TASK REQUIREMENTS
When you repeat the entries below, please keep them exact and leave out the pictures.
------------
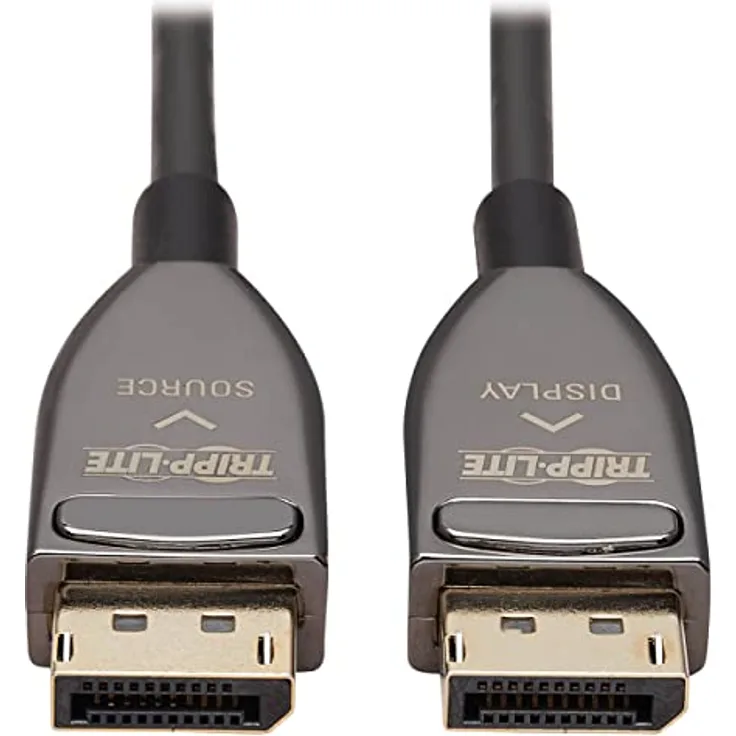 Tripp Lite DisplayPort-Kabel mit aktivem optischen Anschluss (AOC), 8K 60 Hz, einrastende Stecker, schwarz, 15 m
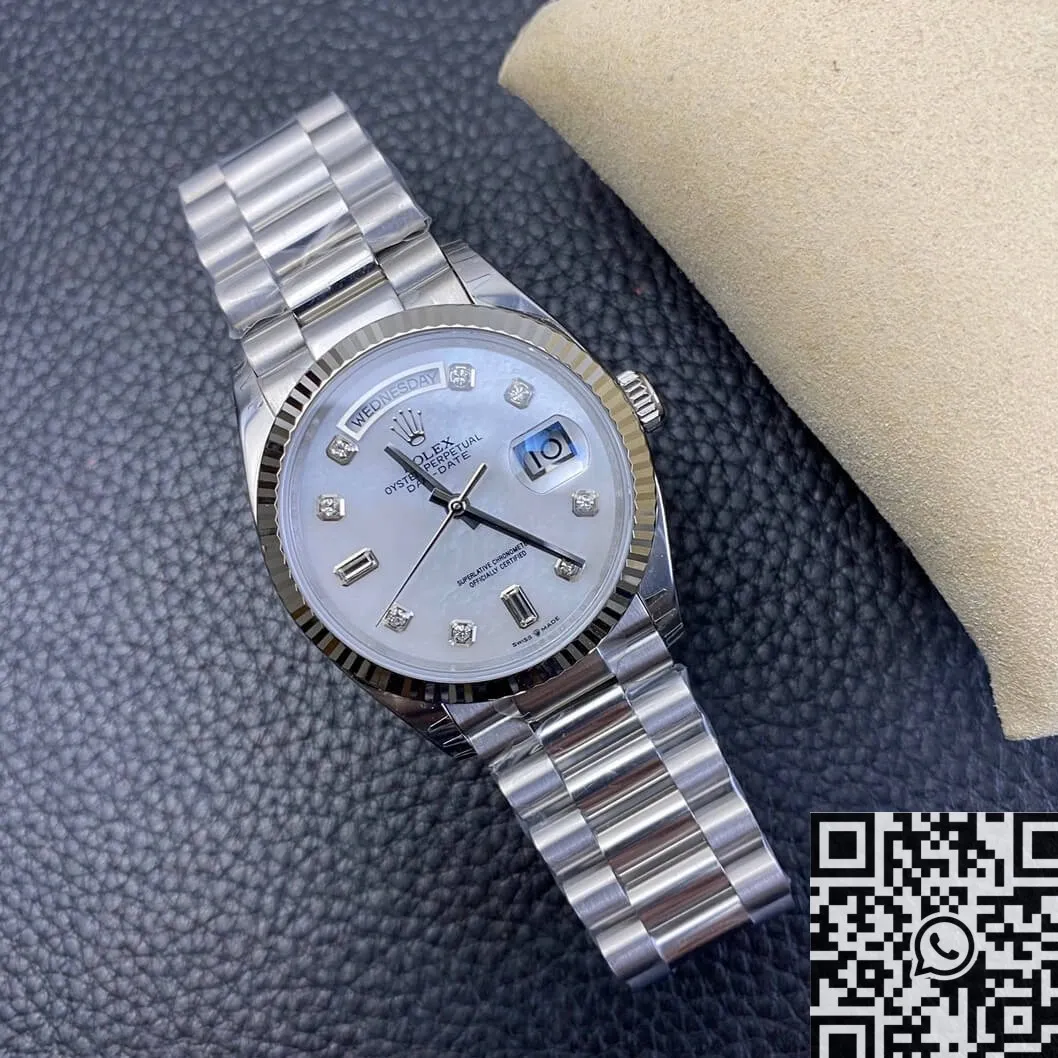 Supportive Rolex Day Date M128239-0007 White Mother-of-Pearl Dial Size 36mm EW Factory 2782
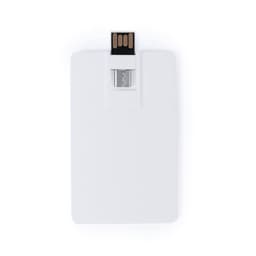 A white USB drive with a retractable connector, featuring a simple design and a logo on the surface.
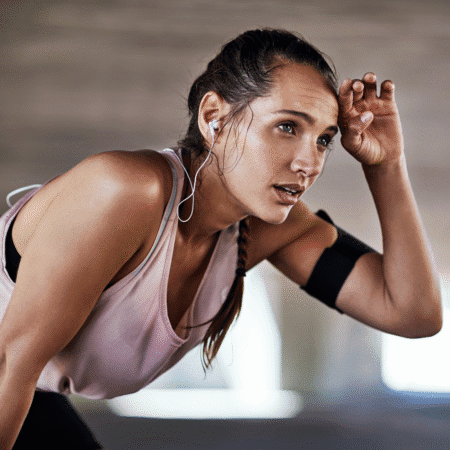 A woman wearing workout clothes and earphones leans forward, wiping sweat from her forehead, looking tired but determined as she overcomes training fatigue after exercising. Austin Marathon Half Marathon & 5K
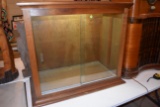Walnut Glass Sliding Doors Lighted Display Cabinet, 36.5'' Wide, 32'' Tall, 18'' Deep,  Pickup Only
------------
EXERCISE SOLUTION
 Tripp Lite DisplayPort-Kabel mit aktivem optischen Anschluss (AOC), 8K 60 Hz, einrastende Stecker, schwarz, 15 m
 Supportive Rolex Day Date M128239-0007 White Mother-of-Pearl Dial Size 36mm EW Factory 2782
 A white USB drive with a retractable connector, featuring a simple design and a logo on the surface.
 A woman wearing workout clothes and earphones leans forward, wiping sweat from her forehead, looking tired but determined as she overcomes training fatigue after exercising. Austin Marathon Half Marathon & 5K
Walnut Glass Sliding Doors Lighted Display Cabinet, 36.5'' Wide, 32'' Tall, 18'' Deep,  Pickup Only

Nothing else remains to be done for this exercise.